(Data section begins)
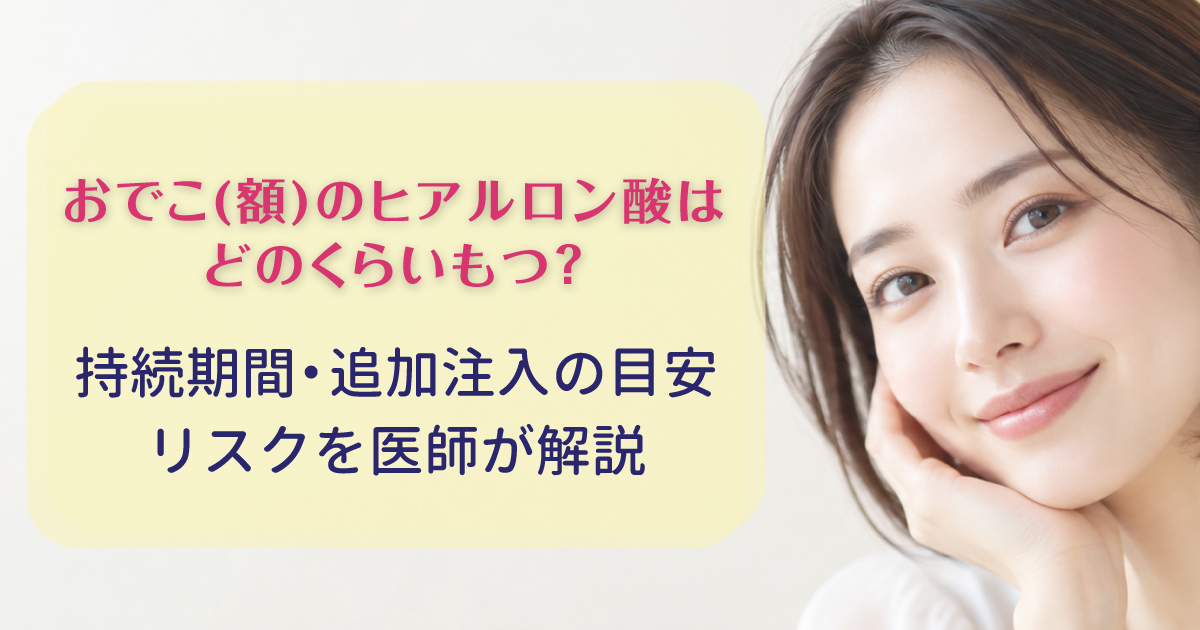 おでこのヒアルロン酸の持続期間と追加注入の目安を解説
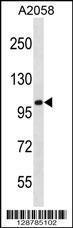 Anti-CEP112 Rabbit Polyclonal Antibody (PE (Phycoerythrin))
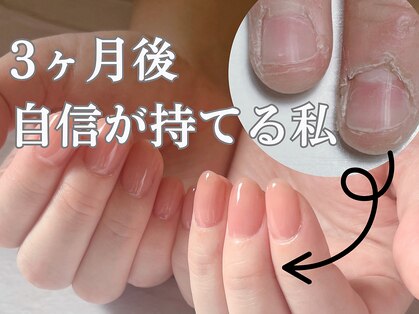 アメジスト(Amethyst)の写真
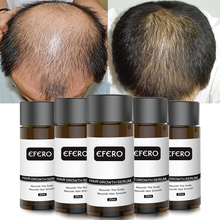 Эссенция для роста волос, эфирное масло для лечения выпадения волос, сыворотка для роста густых волос 2024 - купить недорого
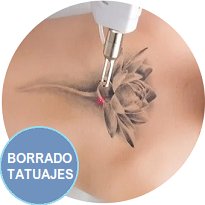 Oferta - Tratamientos Corporal - Eliminación de Tatuajes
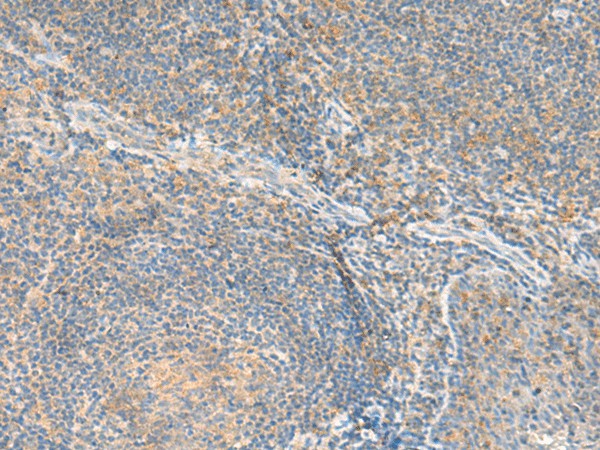RNF207 Polyclonal Antibody (E-AB-19874)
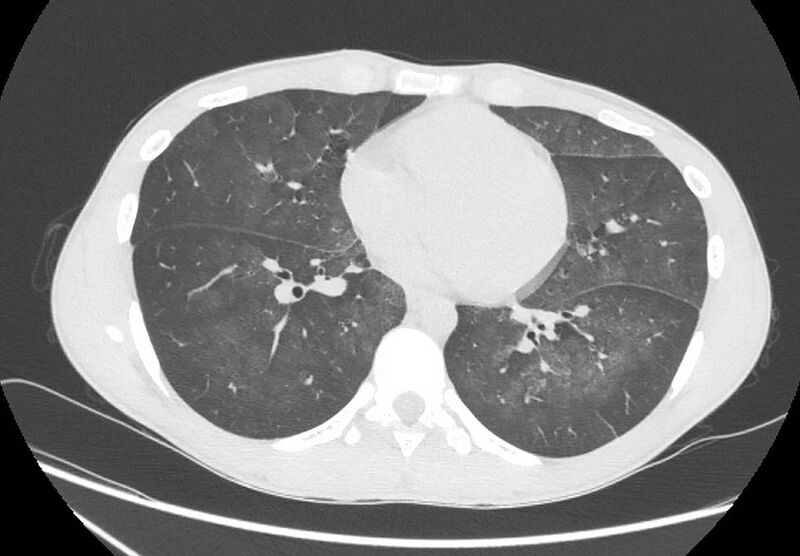 File:Cannabis-induced diffuse alveolar hemorrhage (Radiopaedia 89834-106946 Axial lung window 72).jpg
(Data section ends)
Repeat the line that contains "Oferta - Tratamientos" and each line after it, through the last line of the listing, exactly and alone; pictures stay out of the repeat.

 Oferta - Tratamientos Corporal - Eliminación de Tatuajes
RNF207 Polyclonal Antibody (E-AB-19874)
 File:Cannabis-induced diffuse alveolar hemorrhage (Radiopaedia 89834-106946 Axial lung window 72).jpg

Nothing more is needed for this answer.